IDAHO — Idaho reached another grim milestone in the COVID-19 pandemic as Crisis Standards of Care have been activated statewide on September 16th, due to the increased number of patients hospitalized with COVID-19.
Just in the previous week, Crisis Standards of Care was activated for the first time ever in the state’s history in north Idaho, but now across the state hospitals are strained and all existing resources are exhausted.
According to the Department of Health and Welfare, since May 2021, 91% of the COVID-19 hospitalizations were among individuals not fully vaccinated.
Although activated across the state, hospitals can implement the plan as needed according to their own Crisis Standards of Care policies. St. Luke's Health System requested for the Crisis Standards of Care plan to be activated.
“We are being overwhelmed with patient volumes today,” CEO of St. Luke’s Health System Chris Roth said. “If we continue this course over the next several weeks, St. Luke’s health system will become a COVID health system.”
Saint Alphonsus says they are seeing much of the same as the rest of the Treasure Valley’s health care systems.
“We too are at the maximum capacity of providing care without stretching our team further and further and further,” Chief Medical Officer for Saint Alphonsus Health System Dr. Steven Nemerson said.
The surge of unvaccinated patients needing hospitalization and regular health situations has exhausted the supply of staff and pushed Idaho hospitals to the brink with some using crisis standards of care guidelines.
“We are being absolutely crushed by COVID,” Roth said.
“Crisis Standards of Care is activated when the ability to provide a reasonable community standard of care is exhausted and that’s the state, we find ourselves in right now,” Nemerson said.
These guidelines outline how health care systems will use a triage system based on their space and staff capacities.
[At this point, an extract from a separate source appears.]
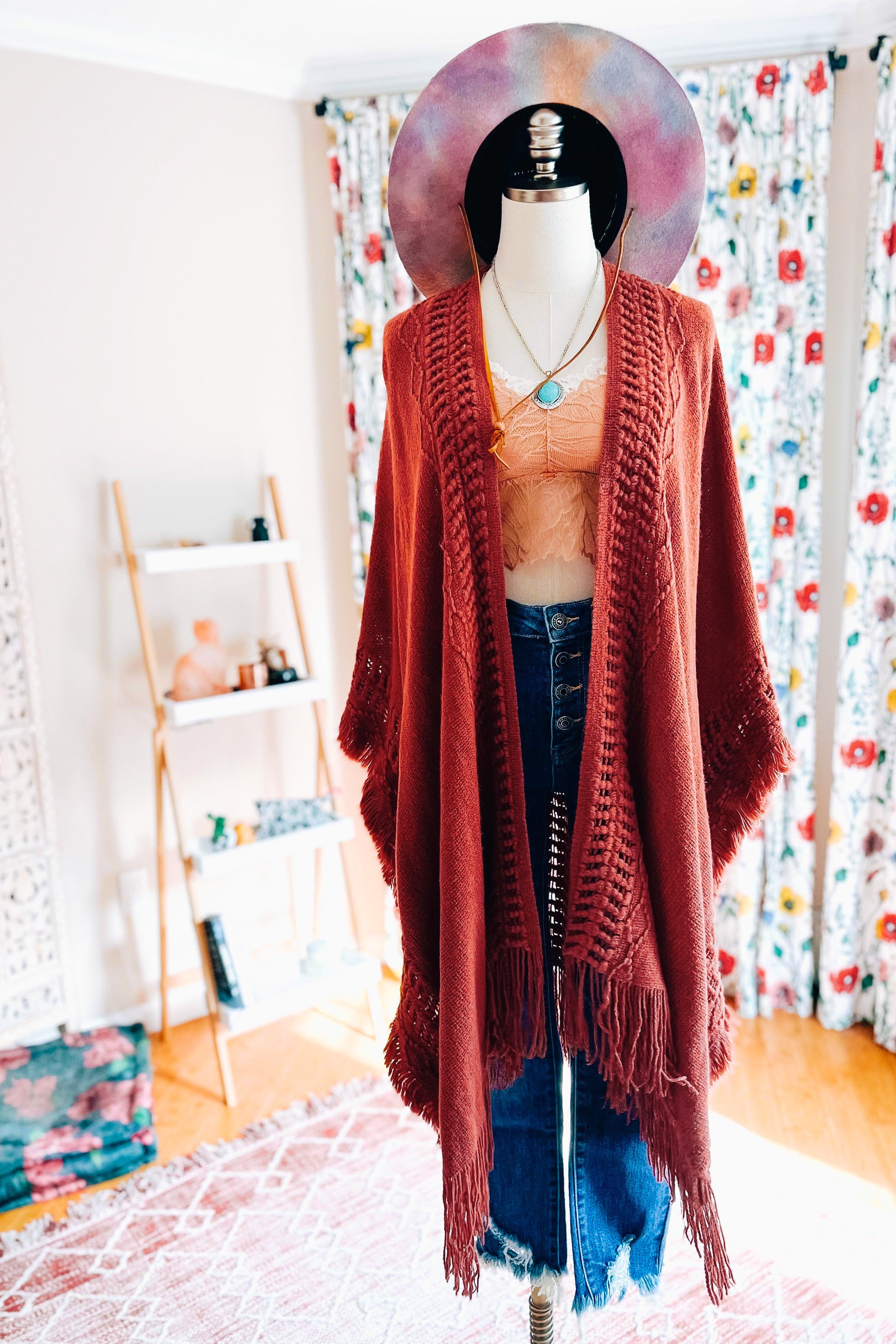 Mannequin dressed in rust-colored bohemian ruana with fringe, lace top, layered necklaces, and wide-brim hat indoors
Staff will have to use “objective inclusion criteria to evaluate patients needing higher or lower levels of care.”
“While we’re not at this point and to my knowledge, not a single patient in the state of Idaho has been taken off a life-support therapy in order to provide that therapy to another patient who has a better prognosis, while it has yet to occur if we continue this path, it will,” Nemerson said.
Idaho is still near the bottom when it comes to vaccination rates, with only 50% of the state's population ages 12 and up are vaccinated.
“Largely the biggest thing we hear is I didn’t think would happen to me,” Chief Physician Executive for St. Luke’s Health System Dr. Jim Souza said. “If my husband, if my wife, son daughter had been vaccinated, would this have happened? And the answer is no. It wouldn’t have,” Souza said.
Although the Department of Health and Welfare activated Crisis Standards of Care, not all hospitals have implemented it. They are now able to follow these guidelines, if needed.